I was assigned to judge the seventh grade life science finalists. They were so nervous, but overall I was quite impressed with the quality and diversity of projects. The youngest group of scientists really did an excellent job, and I tried to give them constructive feedback on ways to improve their projects. I started out by asking them to tell me what motivated them to do this particular project. They were obviously warned to expect this question, but the range of responses I got was quite interesting. The project that I ended up scoring very highly was by a young girl who wanted to prove her mother wrong; however, she quite reasonable predicted the opposite; and at the end of the day the results clearly supported her hypothesis… and therefore her mother! A few of them had quite personal reasons for choosing their particular experiment; a few of them have been influenced by current events (carbon footprints, alternative energy sources), and a few didn't really have good reasons other than "I like it." But hey, at that age, that is a start!

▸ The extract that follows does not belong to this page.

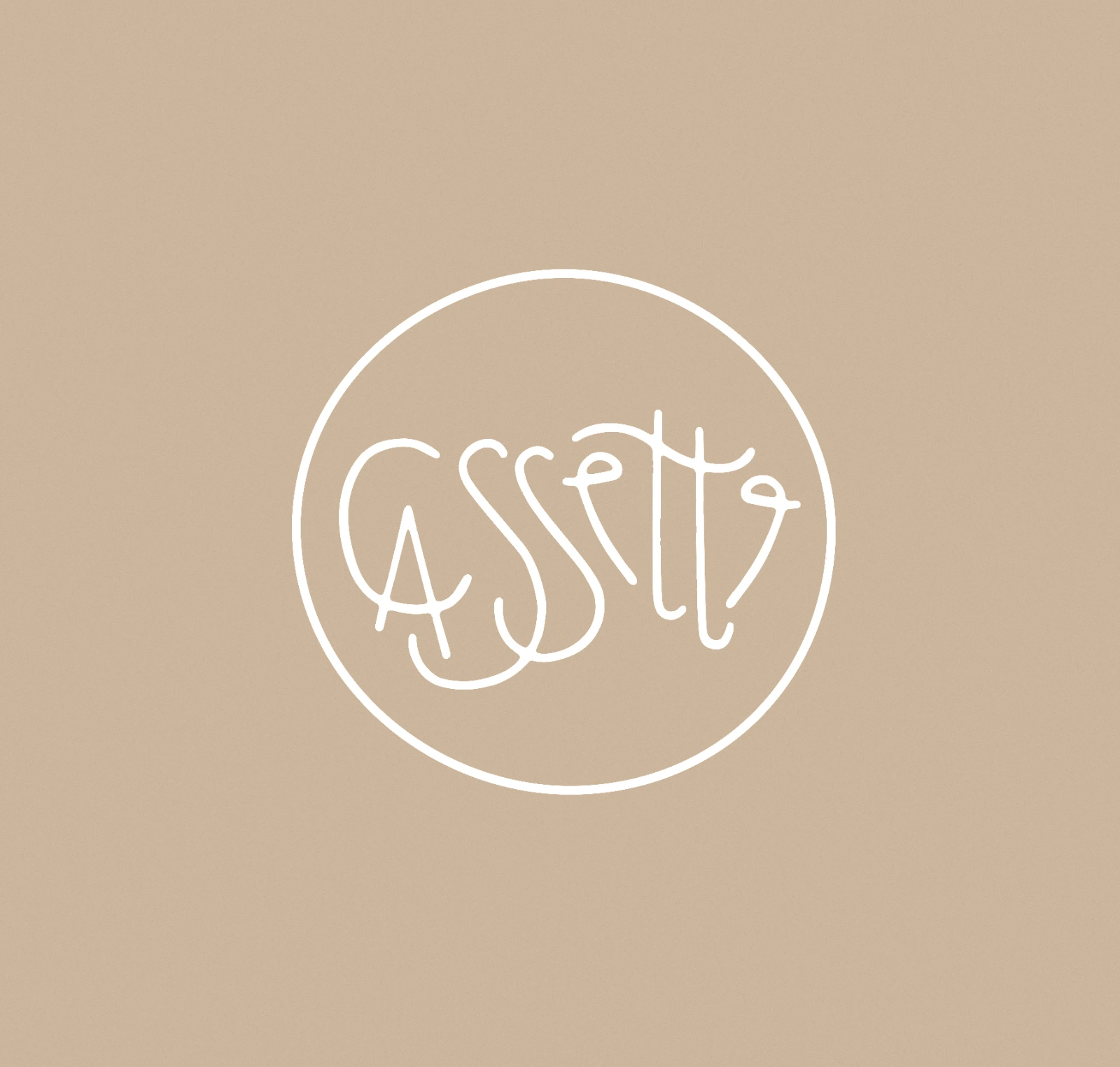 Cassette — identity, art direction, logo, branding, image 15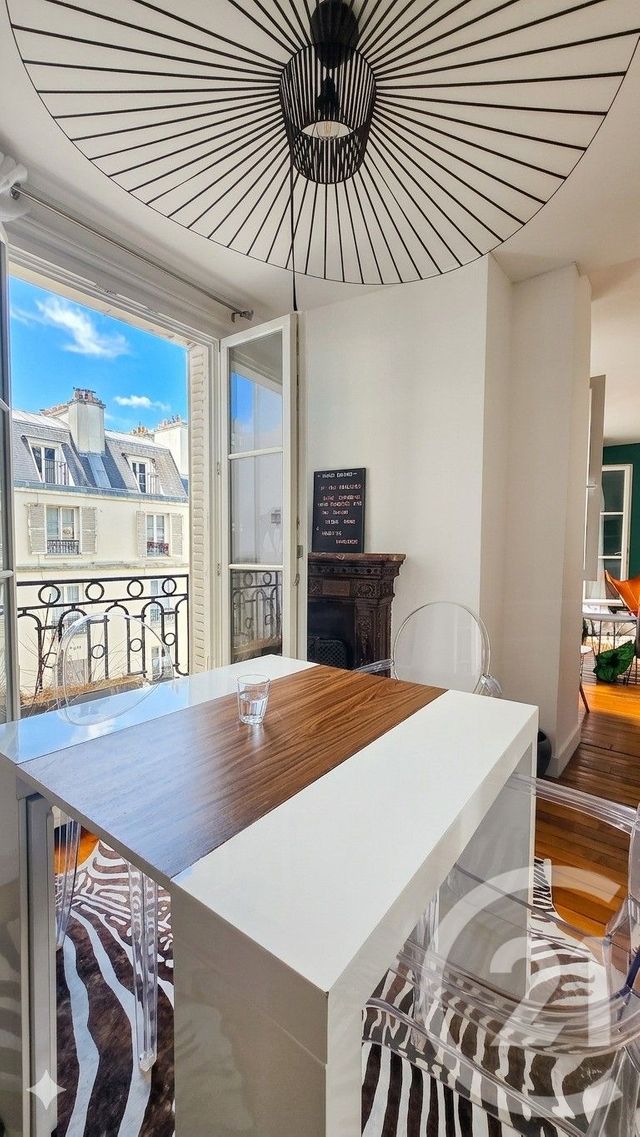 Appartement F3 à vendre - 3 pièces - 67.77 m2 - PARIS - 75016 - ILE-DE-FRANCE - Century 21 Victor Hugo - Trocadéro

One thing I learned, though, was that if it seems too good to be true, then it probably is. One of the students attempted a project dealing with a quite complex issue; the idea was good- very impressive, in fact. The execution, however, was only so-so, and unlike all of the other finalists I spoke with he didn't really have answers to most of my basic questions. After conferring with some of the other judges I found out that he had found the idea and protocol published somewhere- probably somewhere like this- and just tried to do follow the directions. His execution of the experiment was so poor that, knowing he didn't design the experiment himself, this knocked him far down on my list. And yet… I still wanted to reward him- to keep him motivated and interested. He is young; if he has a good experience this year, maybe he'll come back with more original ideas and better executed protocols.

I commented to some of the other judges that it is so exciting to see all these kids getting excited about science. You read those
reports about the decline in science education in America, and worry; but then you go to these events and see that science education in this country is flourishing. One of the judges mentioned that it is not necessarily the quality of the science that has declined, but the quantity; apparently last year they had so few entries that they had more awards to give out then they knew what to do with. That may be true at the elementary school, but as we all know, there is no lack of scientists in the job market!

After I finished reviewing my own category, I walked around a bit to look at the projects of the older kids; some of them were very advanced. It is obvious when a student has a parent that is a scientist; it gives them an (unfair?) advantage over their peers who can't use their parents supplies and equipment. My favorite was- quite fairly- not a finalist; but I was curious to look over the experiment that tested the absorption properties of different brands of baby diapers. As it turns out, the least expensive diapers had the largest volume of crystals and absorbed the most water. And to think, I spent all that money on Pampers!


Lisa said...

So yesterday the science experiment I was going to do ended up not happening because I was missing a crucial ingredient and we ended up doing two different experiments from one of my students' science kits that he had brought to school.... and it was the best science day ever. You should have heard (and seen) the excitement in my room.... I realized yesterday that science, at least for third graders, is so exciting because it is still so much about discovery. Asking questions and answering them....they were learning about Newton's laws and they didn't even realize it because they were having such fun doing it.